×

Search for something

Towards a Green Economy?

talks at the UN

The young woman next to me on the plane jiggled her leg the whole flight. Ten and a half hours. Even when she was asleep. Maria was an Italian activist also travelling to the Rio Summit, with dreadlocks down to her elbows and ankle bracelets that sang softly. I decided her jitters were a sign of her impatience for change. Having worked in Colombia and Ecquador she is now part of a European programme on Environmental Justice.

“We do not believe in the Green Economy,” she tells me. “Nuclear power can be the Green Economy. And huge dams that displace indigenous people. For us ecology has to go hand in hand with social justice.”

The Green Economy is the hot topic at Rio. Others see it very differently. The WWF official I shared a bus ride with was quietly excited by the concept and in particular by the plan of a Southern African president (I won’t name the country) to announce that his nation will commit to a totally green economy. (We’ll have to read the communiques to understand what that means in practice.)

Opinions are definitely divided.
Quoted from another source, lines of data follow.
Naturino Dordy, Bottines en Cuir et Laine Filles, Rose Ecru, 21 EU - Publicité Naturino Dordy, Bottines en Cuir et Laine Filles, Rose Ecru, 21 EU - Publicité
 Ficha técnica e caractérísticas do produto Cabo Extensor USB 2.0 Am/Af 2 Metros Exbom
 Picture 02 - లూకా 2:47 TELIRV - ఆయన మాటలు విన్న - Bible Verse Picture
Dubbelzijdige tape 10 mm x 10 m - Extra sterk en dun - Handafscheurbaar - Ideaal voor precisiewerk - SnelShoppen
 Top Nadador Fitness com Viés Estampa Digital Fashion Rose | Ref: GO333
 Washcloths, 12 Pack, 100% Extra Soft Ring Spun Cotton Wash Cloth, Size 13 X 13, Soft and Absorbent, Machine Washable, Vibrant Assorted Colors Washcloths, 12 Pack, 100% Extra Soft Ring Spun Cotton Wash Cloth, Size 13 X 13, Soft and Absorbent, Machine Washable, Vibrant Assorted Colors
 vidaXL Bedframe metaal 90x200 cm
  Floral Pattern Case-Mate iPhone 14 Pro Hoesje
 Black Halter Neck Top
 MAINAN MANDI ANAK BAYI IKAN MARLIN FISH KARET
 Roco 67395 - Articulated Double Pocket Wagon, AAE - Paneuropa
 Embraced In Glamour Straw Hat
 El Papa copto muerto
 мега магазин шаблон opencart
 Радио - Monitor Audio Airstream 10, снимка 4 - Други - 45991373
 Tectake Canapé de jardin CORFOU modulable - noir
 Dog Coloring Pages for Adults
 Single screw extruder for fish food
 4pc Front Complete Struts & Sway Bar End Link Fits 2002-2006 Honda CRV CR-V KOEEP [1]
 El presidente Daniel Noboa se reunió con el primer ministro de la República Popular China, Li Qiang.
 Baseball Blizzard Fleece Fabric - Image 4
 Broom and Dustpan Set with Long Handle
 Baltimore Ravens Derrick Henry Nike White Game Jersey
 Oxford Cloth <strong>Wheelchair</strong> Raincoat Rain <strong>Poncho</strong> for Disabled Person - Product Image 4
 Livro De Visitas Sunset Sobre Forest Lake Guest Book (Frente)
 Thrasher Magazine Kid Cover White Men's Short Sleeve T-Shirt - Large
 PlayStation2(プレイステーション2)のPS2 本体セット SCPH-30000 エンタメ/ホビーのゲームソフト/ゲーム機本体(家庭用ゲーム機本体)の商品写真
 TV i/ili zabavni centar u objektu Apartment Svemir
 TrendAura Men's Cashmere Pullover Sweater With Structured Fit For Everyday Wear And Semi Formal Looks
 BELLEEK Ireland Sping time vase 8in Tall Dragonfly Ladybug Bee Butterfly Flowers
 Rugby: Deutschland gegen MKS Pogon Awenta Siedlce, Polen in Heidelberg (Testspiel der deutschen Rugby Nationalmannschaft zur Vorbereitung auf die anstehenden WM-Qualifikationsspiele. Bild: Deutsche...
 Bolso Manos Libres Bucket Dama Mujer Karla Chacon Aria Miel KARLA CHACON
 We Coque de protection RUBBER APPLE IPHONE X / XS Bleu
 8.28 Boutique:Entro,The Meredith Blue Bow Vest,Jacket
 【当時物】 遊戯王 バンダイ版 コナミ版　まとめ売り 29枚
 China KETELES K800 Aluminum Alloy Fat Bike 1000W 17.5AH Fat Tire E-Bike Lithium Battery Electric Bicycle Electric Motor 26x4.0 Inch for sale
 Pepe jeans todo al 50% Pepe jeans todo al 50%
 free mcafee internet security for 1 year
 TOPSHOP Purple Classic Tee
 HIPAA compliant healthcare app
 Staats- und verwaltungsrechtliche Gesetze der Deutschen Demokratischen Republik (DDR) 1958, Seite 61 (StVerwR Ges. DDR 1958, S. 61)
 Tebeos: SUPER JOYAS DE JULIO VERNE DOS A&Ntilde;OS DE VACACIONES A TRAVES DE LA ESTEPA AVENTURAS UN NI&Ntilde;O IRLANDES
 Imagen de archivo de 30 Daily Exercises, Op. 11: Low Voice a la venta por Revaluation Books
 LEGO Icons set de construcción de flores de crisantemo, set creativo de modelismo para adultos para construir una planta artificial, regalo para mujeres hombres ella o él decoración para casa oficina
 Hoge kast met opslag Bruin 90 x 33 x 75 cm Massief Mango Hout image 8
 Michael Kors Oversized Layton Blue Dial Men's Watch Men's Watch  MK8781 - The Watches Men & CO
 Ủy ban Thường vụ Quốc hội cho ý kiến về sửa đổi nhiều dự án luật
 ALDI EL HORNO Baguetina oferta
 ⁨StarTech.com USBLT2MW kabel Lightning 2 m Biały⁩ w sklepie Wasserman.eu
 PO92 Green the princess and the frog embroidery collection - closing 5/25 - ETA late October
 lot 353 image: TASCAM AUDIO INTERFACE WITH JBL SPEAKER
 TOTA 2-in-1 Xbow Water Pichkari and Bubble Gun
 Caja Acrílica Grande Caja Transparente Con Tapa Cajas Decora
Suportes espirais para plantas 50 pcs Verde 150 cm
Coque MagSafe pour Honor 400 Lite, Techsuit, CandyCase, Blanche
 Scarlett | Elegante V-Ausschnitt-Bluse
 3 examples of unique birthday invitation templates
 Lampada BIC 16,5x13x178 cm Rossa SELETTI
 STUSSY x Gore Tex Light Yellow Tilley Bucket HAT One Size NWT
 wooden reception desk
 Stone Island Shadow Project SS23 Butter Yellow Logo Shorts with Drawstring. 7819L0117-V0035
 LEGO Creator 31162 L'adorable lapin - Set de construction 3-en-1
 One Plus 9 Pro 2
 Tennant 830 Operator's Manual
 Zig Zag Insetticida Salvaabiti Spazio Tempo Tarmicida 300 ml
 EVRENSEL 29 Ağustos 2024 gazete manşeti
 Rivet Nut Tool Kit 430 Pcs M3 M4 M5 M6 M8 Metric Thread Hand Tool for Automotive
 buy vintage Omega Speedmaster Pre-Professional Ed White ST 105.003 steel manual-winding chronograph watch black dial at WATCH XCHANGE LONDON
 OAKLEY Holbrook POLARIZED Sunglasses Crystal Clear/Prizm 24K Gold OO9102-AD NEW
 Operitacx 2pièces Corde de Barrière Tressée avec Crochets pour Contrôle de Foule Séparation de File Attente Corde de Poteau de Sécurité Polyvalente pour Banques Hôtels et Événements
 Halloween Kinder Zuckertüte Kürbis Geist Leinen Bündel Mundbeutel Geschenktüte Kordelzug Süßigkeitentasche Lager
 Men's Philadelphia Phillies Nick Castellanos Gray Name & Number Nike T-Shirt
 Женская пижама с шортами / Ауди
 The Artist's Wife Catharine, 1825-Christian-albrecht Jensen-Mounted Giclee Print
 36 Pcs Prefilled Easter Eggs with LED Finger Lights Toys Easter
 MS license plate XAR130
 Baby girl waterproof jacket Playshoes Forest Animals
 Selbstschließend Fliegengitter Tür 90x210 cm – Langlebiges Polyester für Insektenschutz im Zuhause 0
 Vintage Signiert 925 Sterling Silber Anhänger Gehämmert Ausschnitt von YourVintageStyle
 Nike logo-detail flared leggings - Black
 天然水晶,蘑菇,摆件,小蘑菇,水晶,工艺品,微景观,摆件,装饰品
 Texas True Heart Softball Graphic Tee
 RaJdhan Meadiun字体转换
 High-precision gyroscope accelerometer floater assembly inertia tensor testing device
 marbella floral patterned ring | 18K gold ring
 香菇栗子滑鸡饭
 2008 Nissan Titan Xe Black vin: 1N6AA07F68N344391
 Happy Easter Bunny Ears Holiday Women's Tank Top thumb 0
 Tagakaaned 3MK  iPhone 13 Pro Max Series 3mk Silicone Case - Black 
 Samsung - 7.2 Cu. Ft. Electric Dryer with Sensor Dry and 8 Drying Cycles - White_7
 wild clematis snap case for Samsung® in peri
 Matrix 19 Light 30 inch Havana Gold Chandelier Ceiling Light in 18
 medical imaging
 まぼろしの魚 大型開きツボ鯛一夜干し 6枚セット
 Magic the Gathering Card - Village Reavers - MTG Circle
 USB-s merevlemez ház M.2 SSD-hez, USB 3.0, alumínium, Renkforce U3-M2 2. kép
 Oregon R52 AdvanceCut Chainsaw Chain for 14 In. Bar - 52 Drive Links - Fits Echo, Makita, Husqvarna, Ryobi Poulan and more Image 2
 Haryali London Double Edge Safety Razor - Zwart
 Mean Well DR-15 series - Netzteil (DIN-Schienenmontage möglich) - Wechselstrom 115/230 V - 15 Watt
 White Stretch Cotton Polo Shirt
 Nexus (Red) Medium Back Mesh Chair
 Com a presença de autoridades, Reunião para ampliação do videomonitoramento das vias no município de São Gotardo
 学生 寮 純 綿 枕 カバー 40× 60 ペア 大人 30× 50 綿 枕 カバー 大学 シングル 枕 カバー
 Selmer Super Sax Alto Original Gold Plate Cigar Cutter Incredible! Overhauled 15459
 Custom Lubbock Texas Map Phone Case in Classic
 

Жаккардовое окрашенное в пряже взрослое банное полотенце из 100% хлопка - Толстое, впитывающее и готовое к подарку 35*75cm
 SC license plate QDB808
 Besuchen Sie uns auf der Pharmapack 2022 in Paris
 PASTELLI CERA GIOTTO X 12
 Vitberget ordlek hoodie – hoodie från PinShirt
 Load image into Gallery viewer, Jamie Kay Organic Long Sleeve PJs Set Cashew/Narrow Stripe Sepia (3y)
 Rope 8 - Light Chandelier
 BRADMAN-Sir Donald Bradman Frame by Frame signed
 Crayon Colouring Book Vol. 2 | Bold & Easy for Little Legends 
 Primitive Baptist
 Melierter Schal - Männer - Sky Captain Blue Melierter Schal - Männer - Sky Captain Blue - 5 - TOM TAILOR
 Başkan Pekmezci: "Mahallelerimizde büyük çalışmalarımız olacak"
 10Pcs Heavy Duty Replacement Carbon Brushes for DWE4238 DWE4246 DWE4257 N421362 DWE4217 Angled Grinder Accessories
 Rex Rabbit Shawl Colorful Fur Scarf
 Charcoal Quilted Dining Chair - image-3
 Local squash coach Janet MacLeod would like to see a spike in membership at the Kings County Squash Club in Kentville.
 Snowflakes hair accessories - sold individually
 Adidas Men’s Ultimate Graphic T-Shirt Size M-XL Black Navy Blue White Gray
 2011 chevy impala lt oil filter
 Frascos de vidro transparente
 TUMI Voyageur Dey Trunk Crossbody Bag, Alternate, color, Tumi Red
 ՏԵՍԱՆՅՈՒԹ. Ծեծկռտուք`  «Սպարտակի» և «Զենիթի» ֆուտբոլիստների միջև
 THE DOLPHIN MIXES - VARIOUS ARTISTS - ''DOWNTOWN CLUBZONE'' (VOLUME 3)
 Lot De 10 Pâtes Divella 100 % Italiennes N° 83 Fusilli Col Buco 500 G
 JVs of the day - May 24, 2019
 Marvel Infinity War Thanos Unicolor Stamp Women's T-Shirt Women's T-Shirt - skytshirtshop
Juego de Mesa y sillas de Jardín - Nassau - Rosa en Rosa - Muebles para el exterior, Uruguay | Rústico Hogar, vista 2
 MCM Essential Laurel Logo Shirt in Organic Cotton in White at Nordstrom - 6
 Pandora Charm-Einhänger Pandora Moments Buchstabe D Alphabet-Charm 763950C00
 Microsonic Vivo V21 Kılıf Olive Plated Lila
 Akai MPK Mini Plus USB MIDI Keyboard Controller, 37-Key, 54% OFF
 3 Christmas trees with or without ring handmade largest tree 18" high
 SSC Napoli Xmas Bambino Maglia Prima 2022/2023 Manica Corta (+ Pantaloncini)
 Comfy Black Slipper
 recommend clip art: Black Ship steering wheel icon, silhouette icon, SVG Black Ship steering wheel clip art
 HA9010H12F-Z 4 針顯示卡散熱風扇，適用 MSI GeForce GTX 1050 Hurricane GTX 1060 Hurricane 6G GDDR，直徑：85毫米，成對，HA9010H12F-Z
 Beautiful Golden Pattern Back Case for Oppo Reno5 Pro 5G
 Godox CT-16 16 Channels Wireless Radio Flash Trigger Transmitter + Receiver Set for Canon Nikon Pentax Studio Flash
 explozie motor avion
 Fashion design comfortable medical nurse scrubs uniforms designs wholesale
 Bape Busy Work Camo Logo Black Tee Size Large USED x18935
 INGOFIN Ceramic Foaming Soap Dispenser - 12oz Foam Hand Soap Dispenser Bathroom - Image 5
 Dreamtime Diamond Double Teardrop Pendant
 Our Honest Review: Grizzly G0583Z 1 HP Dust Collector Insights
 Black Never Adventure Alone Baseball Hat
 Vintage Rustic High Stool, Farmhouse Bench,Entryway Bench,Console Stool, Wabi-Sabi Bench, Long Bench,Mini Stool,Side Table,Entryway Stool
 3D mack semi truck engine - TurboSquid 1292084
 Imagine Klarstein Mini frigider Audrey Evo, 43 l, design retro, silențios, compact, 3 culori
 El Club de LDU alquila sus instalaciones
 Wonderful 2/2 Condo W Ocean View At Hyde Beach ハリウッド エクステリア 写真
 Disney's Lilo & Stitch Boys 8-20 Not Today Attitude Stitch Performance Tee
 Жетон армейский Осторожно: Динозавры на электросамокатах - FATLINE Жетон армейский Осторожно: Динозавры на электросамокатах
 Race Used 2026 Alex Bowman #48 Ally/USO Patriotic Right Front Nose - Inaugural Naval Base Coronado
Western nations seem to be positioning the Green Economy as the key to a sustainable world. Whereas many poor countries see it as a way to halt their development or impose a foreign model. Peasant groups fear it will result in their land being taken for intensive agribusiness and left groups characterise it as a new label on the same old economic system.

With so much at stake it’s no surprise that views differ. And of course the war of words betrays fundamentally different views about how the future should unfold. But I can’t help hoping that this doesn’t get in the way of pragmatic, tangible efforts that could make an immediate difference. Is deadlock really what we need at this point in the history of the planet?